Пролог в больнице для безнадёжных

Победа консерваторов предсказывалась всеми опросами. Лейбористское правление 1974–1979 было крайне неэффективным. Кабинеты Гарольда Вильсона и Джеймса Каллагэна превратили Соединённое Королевство в «больного человека Запада». Производственный застой и спад. Высокая инфляция и падение реальных доходов. Полуторамиллионная безработица (тогда это считалось много) и социальная депрессия. Террористический тупик в Ольстере. Внешнеполитическая пассивность и падение международного престижа.
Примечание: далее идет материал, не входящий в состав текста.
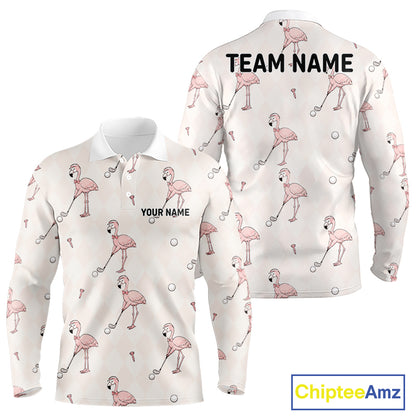 Personalized Argyle Funny Flamingo Pattern Polo Shirt - Custom Golf Team Gift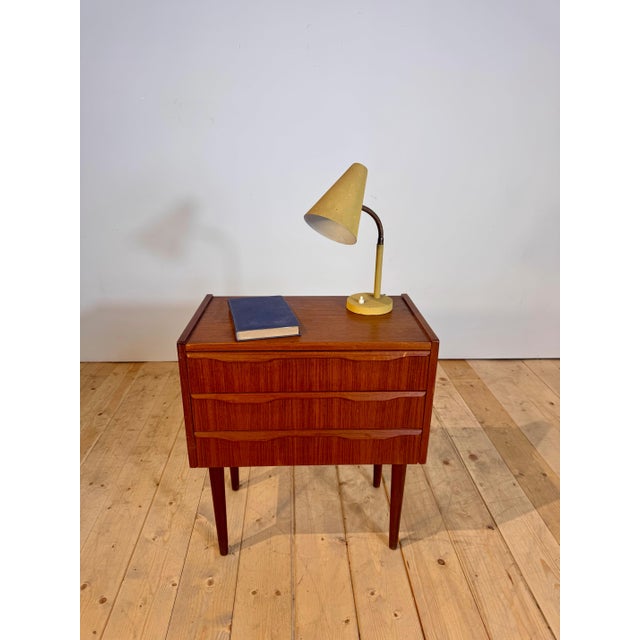 Danish Teak Nightstand with 3 Drawers, 1960s For Sale - Image 3 of 7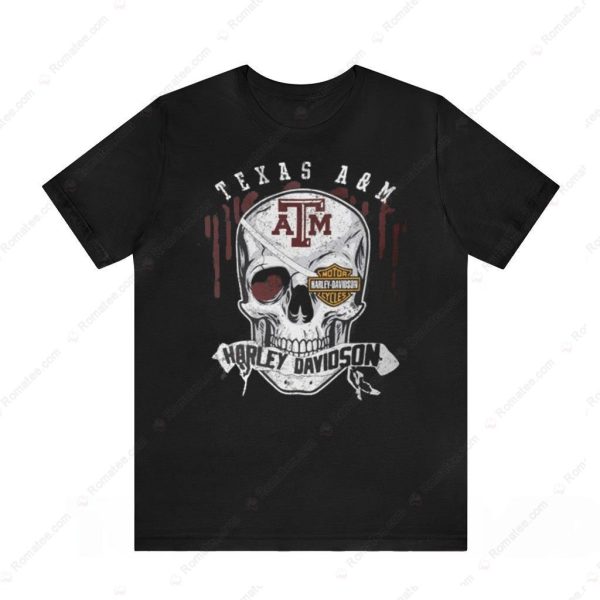 Texas A&M University Harley-Davidson Skull Graphic Tee with Distressed Design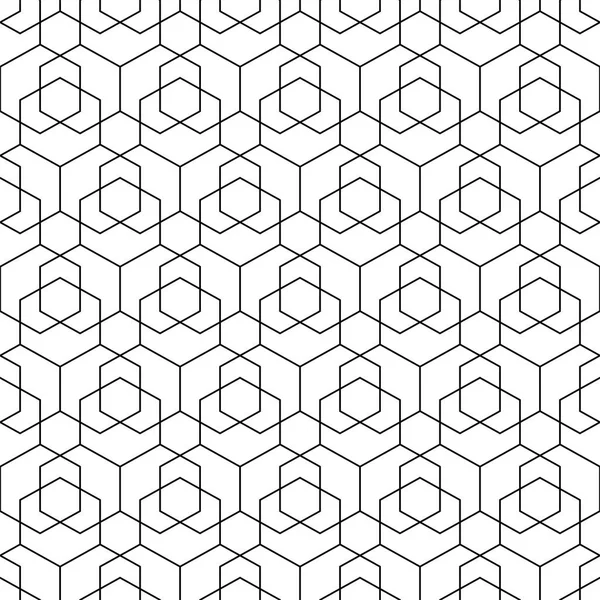 Vector seamless hexagonal pattern - geometric design. Abstract trendy background. Grid creative texture — Stock Vector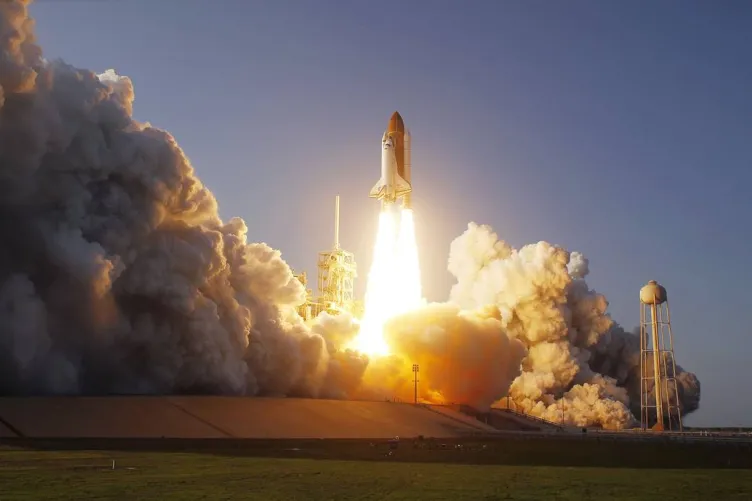 A rocket is taking off!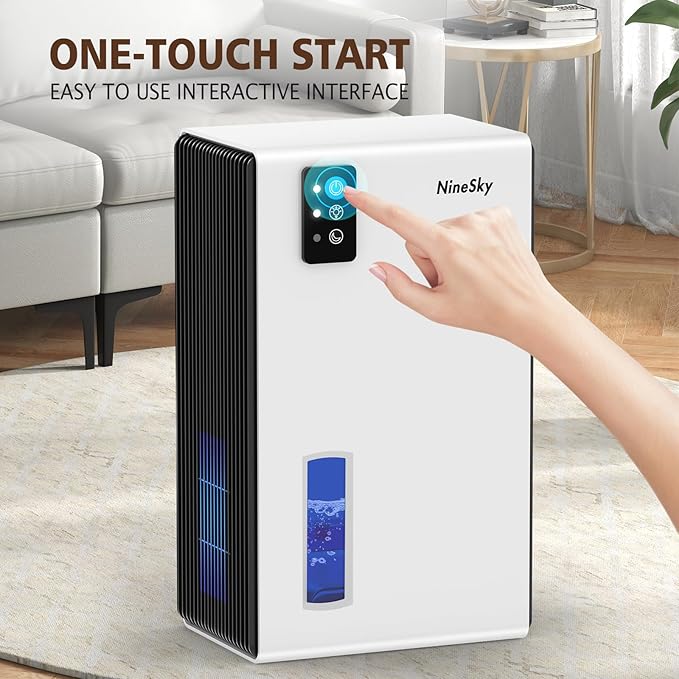 NineSky Dehumidifier for Home, 95 OZ Water Tank, (1000 sq.ft) Dehumidifiers for Bathroom Bedroom Basement with Auto Shut Off,7 Colors LED Light (White)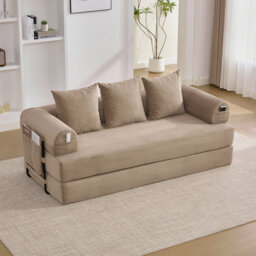 Corduroy 2 Seat Foldable Compressible Sofa With Metal Frame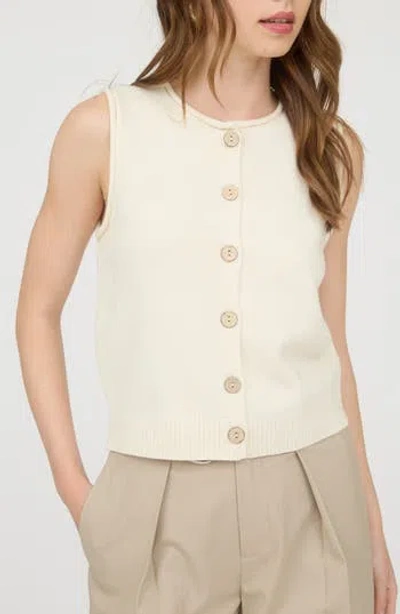Blu Pepper Solid Button Front Sweater Vest In White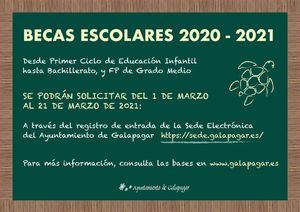El Ayuntamiento de Galapagar convoca las Becas Escolares para el curso 2020-2021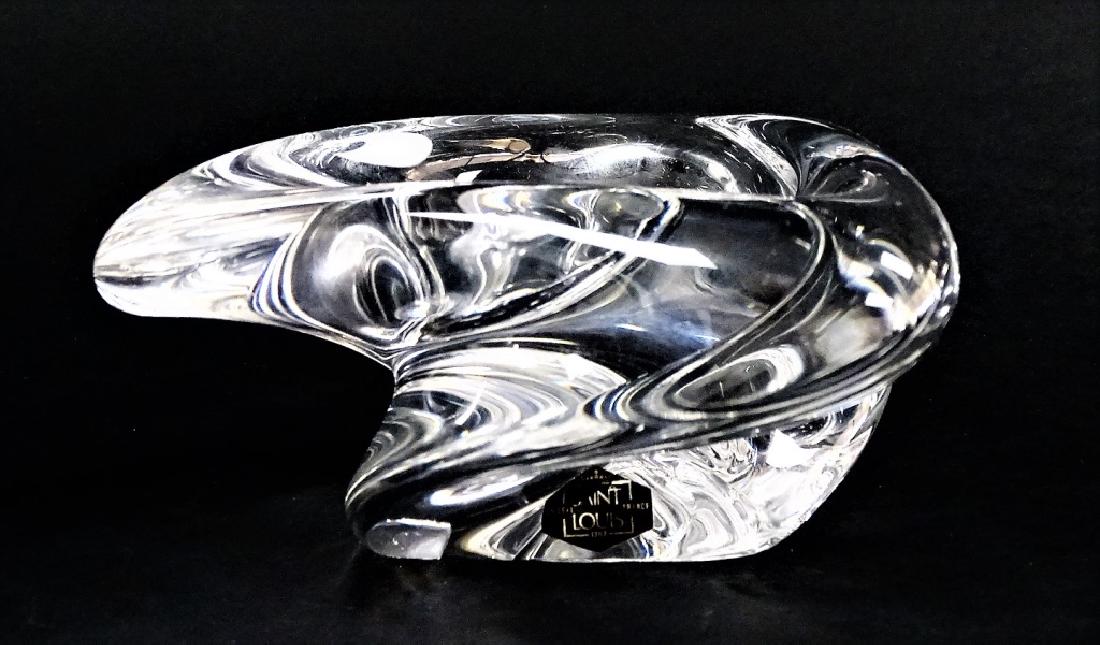 ST. LOUIS SIGNED CLEAR CRYSTAL FREEFORM BOWL (1 of 4)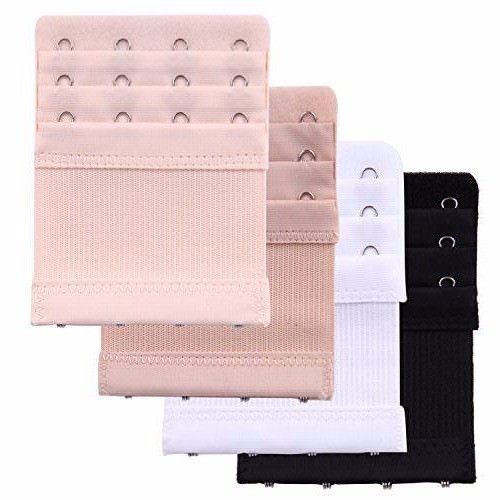Lot of 4 Bra Extender 4 Hooks with Elastic Set of 4 Extenders 4 Hook Extensions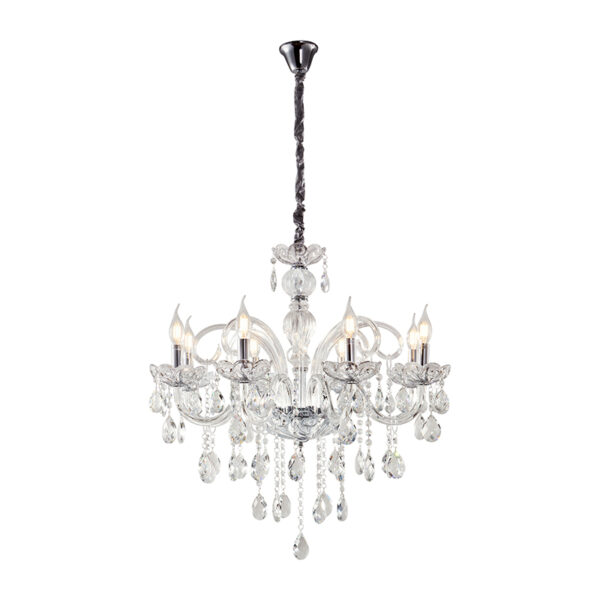 Chandelier Nouli Πολυέλαιος 8φωτος Διάφανο Κρύσταλλο (70x70x70)cm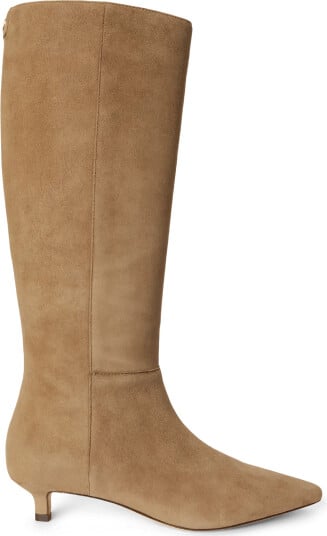 Lauren Ralph Lauren Francesca Sheep Suede Tall Boot Heel Brown 36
Таково было комплексное следствие послевоенного тренда усиления госрегулирования, которое Вильсон и Каллагэн довели до апогея (по английским масштабам, конечно).

В результате Лейбористская партия разругалась даже с тред-юнионами, собственной вековой опорой. Профбоссы – в 1970 поднявшие мощные забастовки и фактически сбросившие консервативное правительство Эдварда Хита – теперь не желали отвечать за госпрограммы чиновнико, вприводящие к закрытию предприятий, увольнениям, снижениям зарплат. В начале 1979 парламент вынес вотум недоверия правительству Каллагэна: 311 голосов против 310, редчайший случай в британской политической истории. На досрочных выборах 3 мая леди уверенно победила джентльмена.

Мать тэтчеризма

Маргарет Хильда Тэтчер во главе Консервативной партии была феноменом для тех времён уникальным. Она не имела отношения к тому политическому классу, из которого традиционно рекрутировались консервативные лидеры (впрочем, такого рода исключением отчасти был уже Хит).
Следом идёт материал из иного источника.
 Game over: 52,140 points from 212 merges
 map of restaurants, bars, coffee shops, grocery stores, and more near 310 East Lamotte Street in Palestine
Биография Тэтчер известна: дочь лавочника, химическое образование (по этому признаку советские социалисты, ненавидевшие сталинизм и капитализм, сравнивали Мэгги с Ниной Андреевой), активистка Консервативной партии, депутат, министр у Хита, с 1975 – партийный лидер. Известен был и характер Мэгги: очень жёсткая и энергичная трудоголичка, из таких, кого обвиняют в бездушии и бессердечии, идейная и упорная, с налётом машиноподобия (приезжая к детям в школьные общежития, прилюдно шмонала их тумбочки). Душевно и сердечно она относилась к своему отцу-лавочнику: Денниса Тэтчера железная леди возвела в культ как олицетворение британского характера, трудолюбия и достоинства.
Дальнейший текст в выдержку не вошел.